Download voltage sensor LTSpice simulation

  1. On the left, the mains supply is connected through a series of 10k, 0.1%, 250mW current limiting resistors. These add up to a total resistance of 60k. The primary winding of the ZMPT101B precision voltage transformer also has a series resistance of 120 Ohms. This means we would expect the current in the primary to be 3.992 mA at a mains voltage of 240V RMS.

  2. The ZMPT101B precision voltage transformer itself has a 1:1 relationship between primary and secondary current. While the suggested current is 2mA on the datasheet the transformer is rated up to 10ma and the phase error is significantly less at 4mA than 2ma.

  3. Next we convert the secondary current to a voltage using the burden resistor (R2, 75R, 0.1%). The burden resistor alone would give a voltage output of 299.4mV RMS when the mains voltage is 240V.
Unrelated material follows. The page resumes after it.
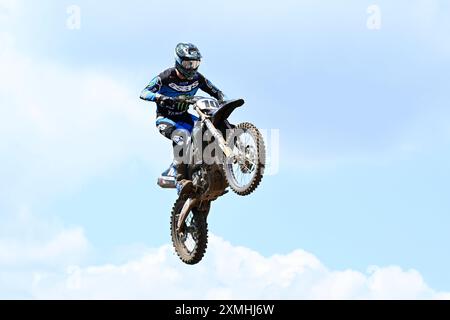 Lommel, Belgique. 28 juillet 2024. Le néerlandais Calvin Vlaanderen photographié en action lors du Grand Prix de motocross MXGP Flanders, course 14/20 du Championnat du monde FIM de Motocross, dimanche 28 juillet 2024 à Lommel. BELGA PHOTO MAARTEN STRAETEMANS crédit : Belga News Agency/Alamy Live News Banque D'Images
  4. The actual output voltage is a little less due to the impedance of the bias circuit. We can treat R5 (180k) and R6 (33k) as being in parallel with the burden resistor R2. The effective resistance is then: 1/((1/75)+(1/33000)+(1/180000)) = 74.799 Ohms. This gives an output voltage of 298.6 mV.

  5. The output voltage as simulated by LTSpice taking into account the indicated inductance values of the voltage sensing transformer, small effect of the RJ11 cable resistance and capacitor C1 is a little lower at 297.55 mV.

  6. The above suggests a calibration value of 240 / 0.29755 = 806.58.

Update 14th May 2024: The actual calibration value as applied over serial or hardcoded for emonTx4 firmware now uses the emonLibDB approach of setting this as a % value of 800, where 800 would be 100.0% and 806.58 is 100.8%.

  1. If we use this calibration value in the emonTx4 firmware and compare the resulting RMS voltage with parallel measurement from SDM120 electric meters we usually see the SDM120 voltage measurement reading about 0.3% higher. This suggests a calibration value of:
    806.58 × 1.003 = 809.0 or 101.1%

  2. If we compare with a non-isolated version of the circuit above (omitting the ZMPT101B) consisting of a voltage divider with R1 (top) = 60k and R2 (bottom) = 75 Ohms. The RMS voltage difference is ~0.2%. This suggests that the voltage calibration for a single emonTx4 should be:
    806.58 × 1.002 = 808.2 or 101.0%.

  3. The difference between the LTSpice simulated voltage output derived calibration and calibration based on comparison to an SDM120 or the non-isolated voltage sensor test is likely due to three main factors:

    • Transformer coupling factor

    • Error in the inductance value used in the simulation

    • Higher coil impedance due to higher coil temperature @ 4ma.

Work is ongoing to improve these parameters used in the LTSpice simulation.

Phase angle error

An important factor with both voltage and current sensing is phase error. The following chart from the ZMPT101B datasheet shows the phase error at different input currents.

We have chosen current limiting resistors on the primary to give an input current of ~4mA at 240V RMS and 2mA at 120V RMS in order to reduce both the extent of the phase error and the variation - the curve is flatter between 2mA and 4mA than it is between 1mA and 2mA.

This does of course have a small penalty in terms of increased power consumption. Increasing from 0.5W at 2mA to 1W at 4mA.